Inside the apartment the friendly voices were drowned out suddenly by the rapid-fire clatter of Mrs. Lehrer’s foot-powered sewing machine. It was probably Mo at the sewing machine, knocking off another dozen shirts while his wife fixed dinner before doing her nightly quota. It seemed a hard life suddenly — miles away from Lily Astral’s world of mansions and limousines.

“Is that all you want in life?” Moishe asked, as if reading Sacha’s thoughts. “To be an errand boy for the Carbuncles and Vanderbilks and Morgaunts? Don’t you believe in anything?”

“I believe in taking care of my family,” Sacha said stubbornly.

“Of course you do. We all do. That’s what your sister is working for, and a lot of other girls like her. We’re just asking you to help.”

“Well, ask someone else.”

“Look,” Moishe said, “couldn’t you just think about it?”

“Moishe, I’m not going to do it no matter how long I think about it.”

“Oh!” Moishe cried in a voice worthy of the mourners at the Wailing Wall. “Oh, that a nephew of Mordechai Kessler should have come to this!” He was still shaking his head when the door to Sacha’s apartment popped open and Bekah stuck her head out.

“Sacha!” she said. “What are you doing lurking in the stairwell! Dinner’s already on the ta—”

She caught sight of Moishe and stopped abruptly.

Sacha looked at Bekah. Then he looked at Moishe. Then he looked back at Bekah again. “Are you blushing?” he asked her.

“Don’t!” Bekah warned. “Don’t you dare say one more word!”

“Bekah—” Moishe began.

“And you!” she snapped, sounding uncannily like their mother. “Haven’t you caused enough trouble? Get out of here already!”

Moishe started to protest, but then he took one look at Bekah’s furious face, tucked his tail between his legs, and slunk away like a man who knew when he was beaten. Sacha couldn’t help grinning at the sight; obviously Bekah already had Moishe’s training well in hand.

Bekah held the door to their apartment open, but Sacha wasn’t ready to go inside yet.

“No way!” he said, just quietly enough to make sure their mother wouldn’t hear him. “Moishe Schlosky?”

“Oh, and I suppose you’re dating Mary Pickford? I’d bet good money you’ve never even kissed a girl!”

“Yeah, but … Moishe?
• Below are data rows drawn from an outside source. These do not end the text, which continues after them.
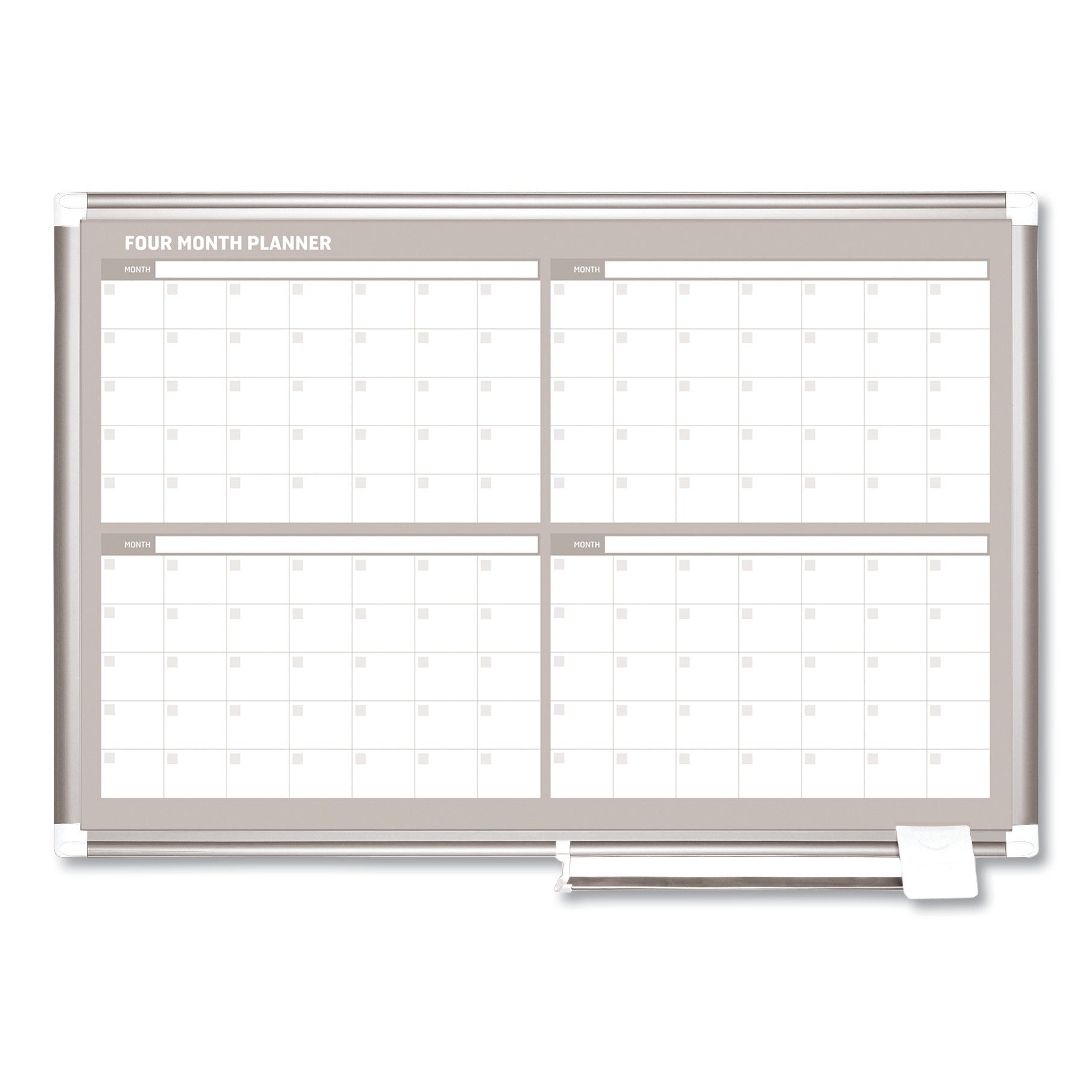 MasterVision 4 Month Planner, 36x24, Aluminum Frame
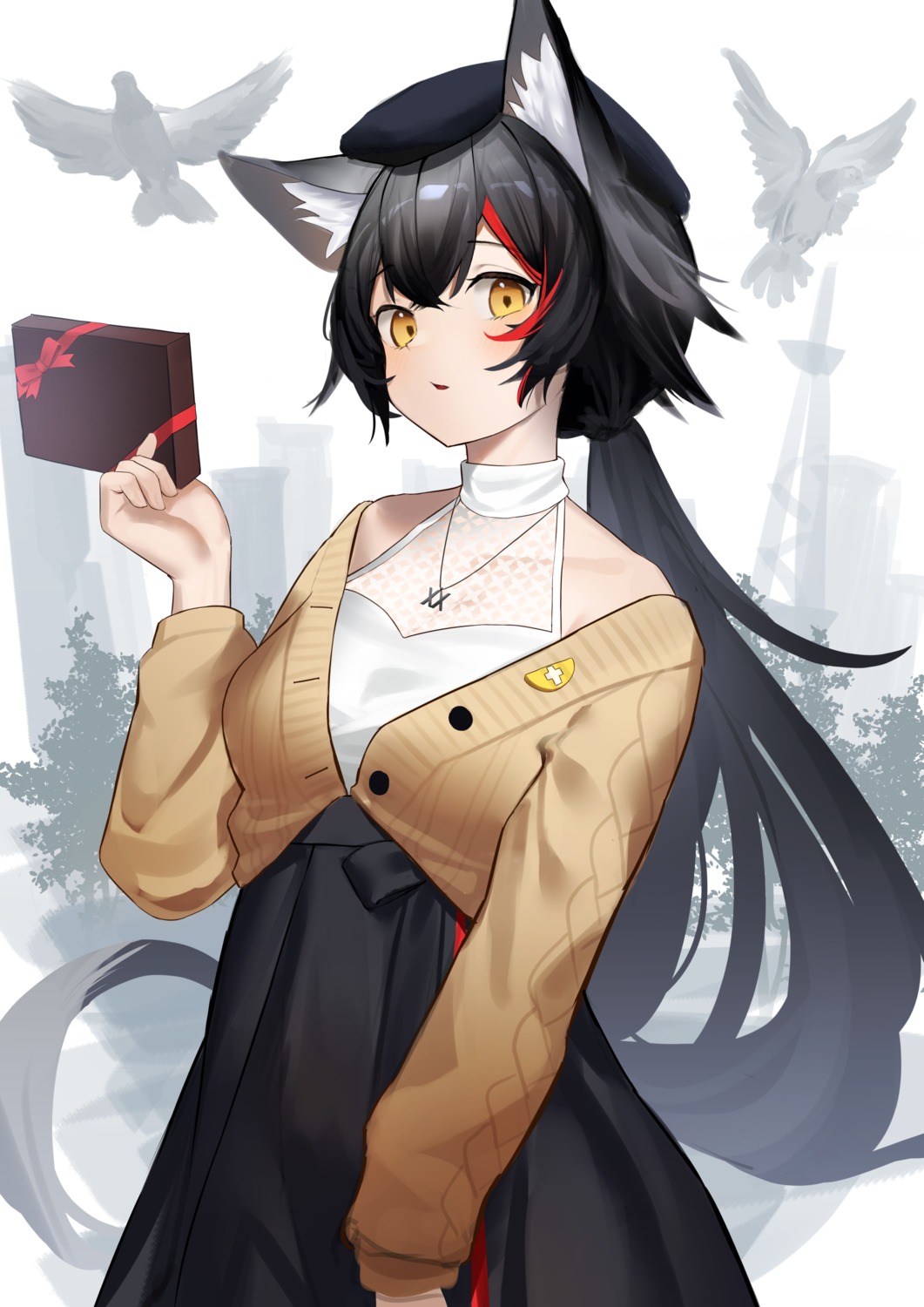 animal_ears hololive hololive_gamers ookami_mio see_through sweater valentine wazd0183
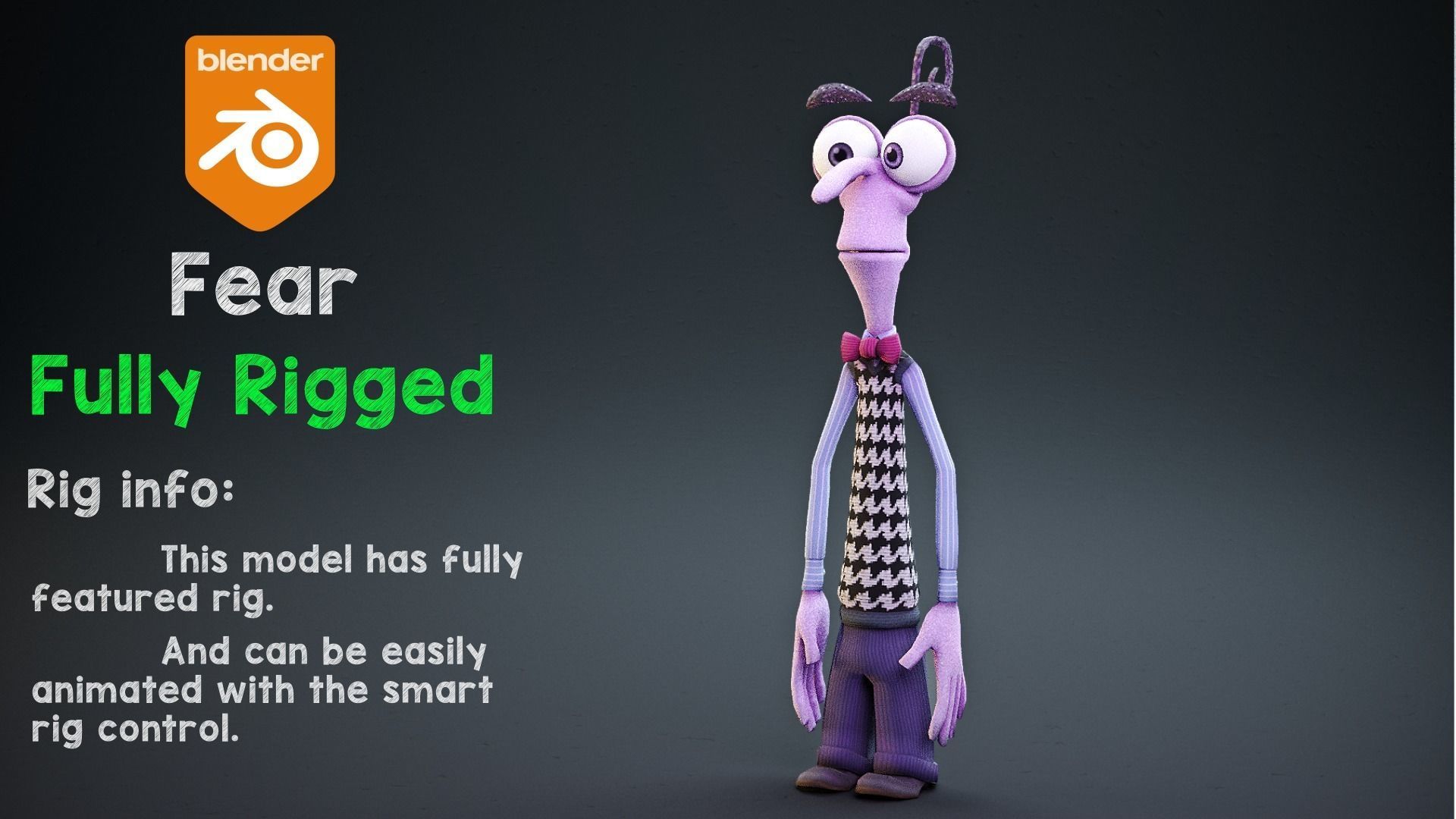 Inside Out - Fear rigged Low-poly 3D model_1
He’s so … so … so skinny!

“You are the most shallow, superficial, trivial—”

“Are you two waiting for the Messiah out there?” their mother shouted from inside the apartment. “Come in and sit down already! Dinner’s getting cold!”

Sacha was still shaking his head in amazement when he sat down to dinner. Indeed, he was so busy being amazed at the idea of Bekah being sweet on Moishe that he almost forgot Moishe’s outrageous idea that he ought to spy on Wolf for the strikers. As if he didn’t have enough problems already!
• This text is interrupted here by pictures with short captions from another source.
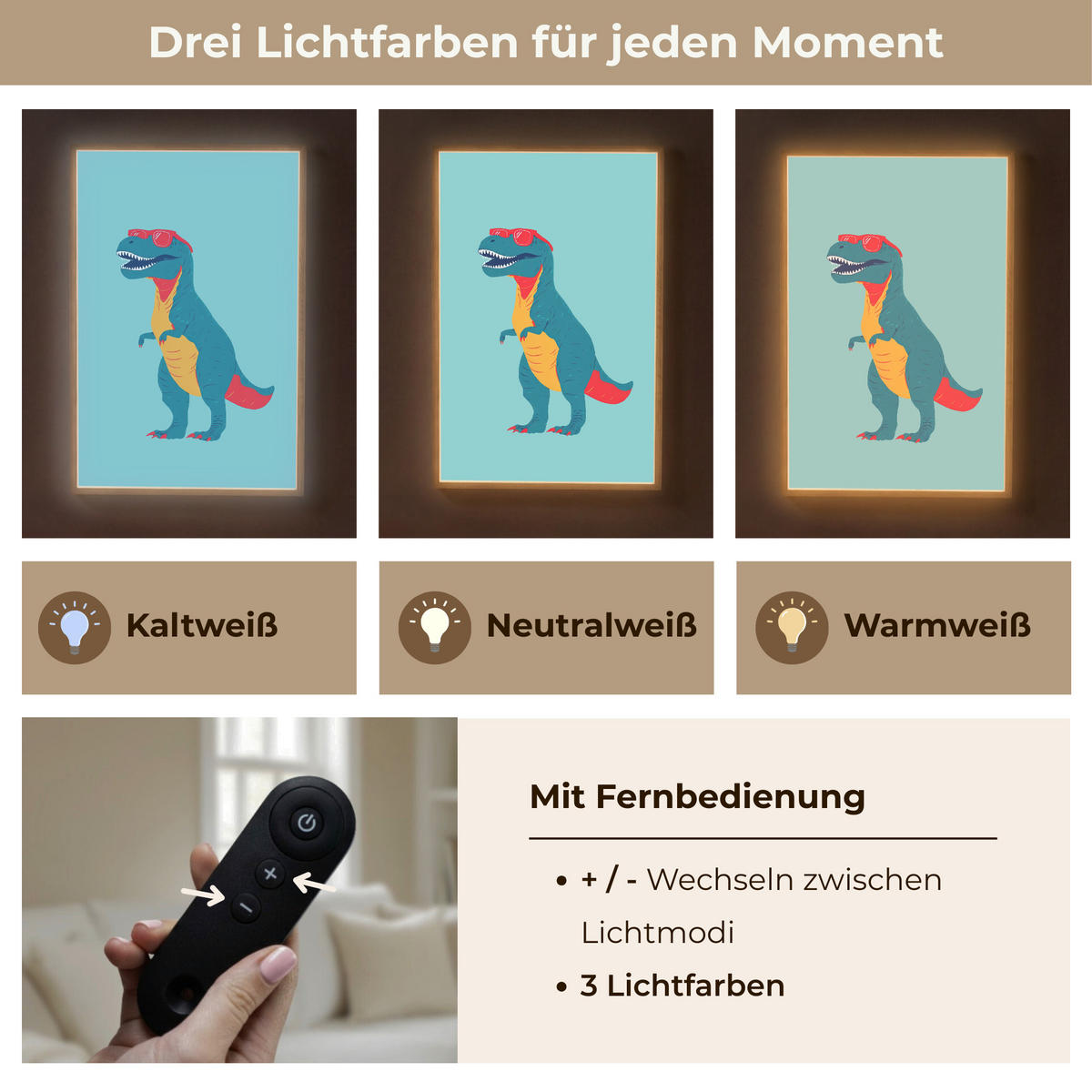 NÁSTĚNNÁ LAMPA S AKUMULÁTOREM Dinosaurus - Modrá - Sluneční brýle 60x90 cm - světle modrá, kompozitní dřevo (60/90/8cm) - OnlyWow
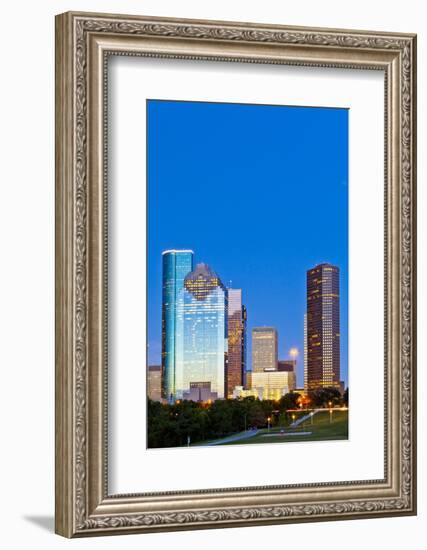 Houston Skyline at Night from Eleanor Tinsley Park, Texas, United States of America, North America-Kav Dadfar-Framed Photographic Print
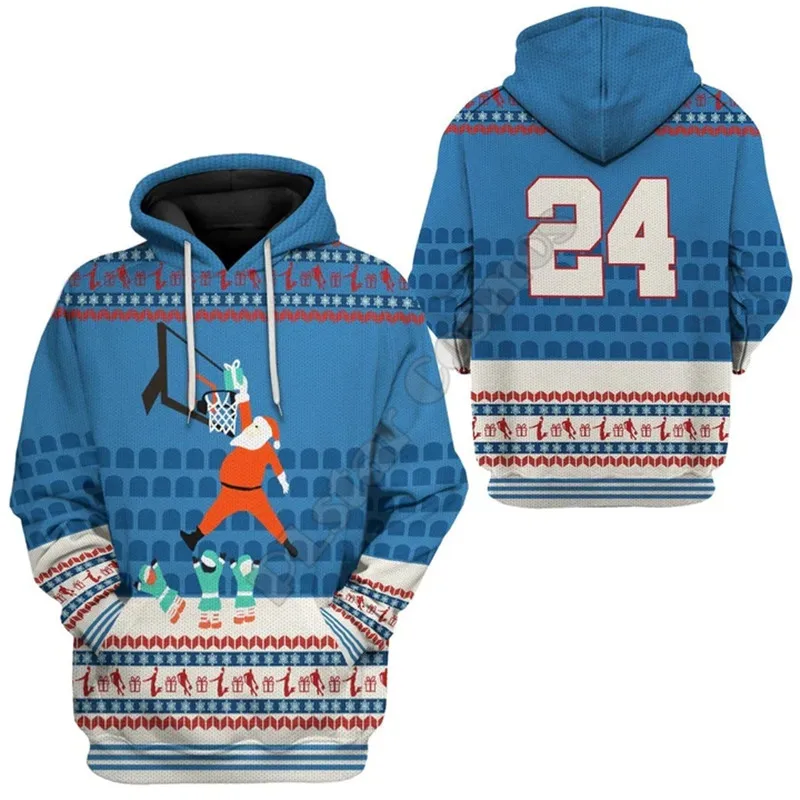 Santa Claus Basketball Vianoce škaredé 3D po celom tlačených mikinách Streetwear Dámske pre mužov sveter/mikinu/mikiny zipsov
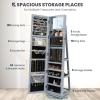 CHARMAID 360° Swivel Jewelry Armoire with Higher Full Length Mirror, Standing Lockable Jewelry Cabinet Organizer with Large Storage Capacity, Inside Makeup Mirror, Back Storage Shelves (Walnut)(Gray)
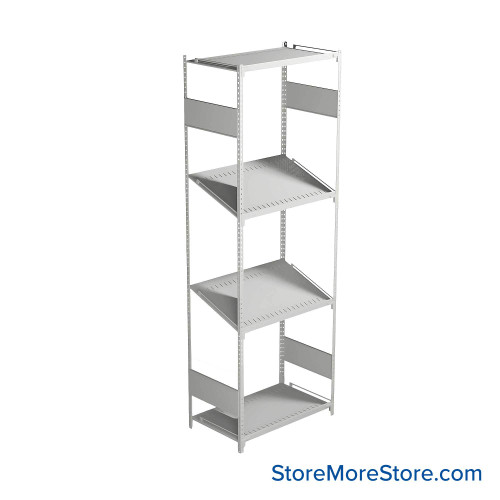 FIFO Shelving, 18" W x 30" D x 75" H, 6 Shelves, 4 (Adjustable) Shelves, Flat Top/Bottom Shelves, No Kit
When the rest of his family was settling down for coffee and after-dinner chatter around the kitchen table, Sacha went to the window and cautiously lifted the curtain.

There was nothing there. No watcher in the shadows. No dark figure standing at the edge of the streetlights.

For some unfathomable reason, that made him feel worse instead of better. Who or what had been following him? And could it possibly be a coincidence that this silent watcher had first appeared on the very same night that Edison and Sacha’s mother had both been attacked?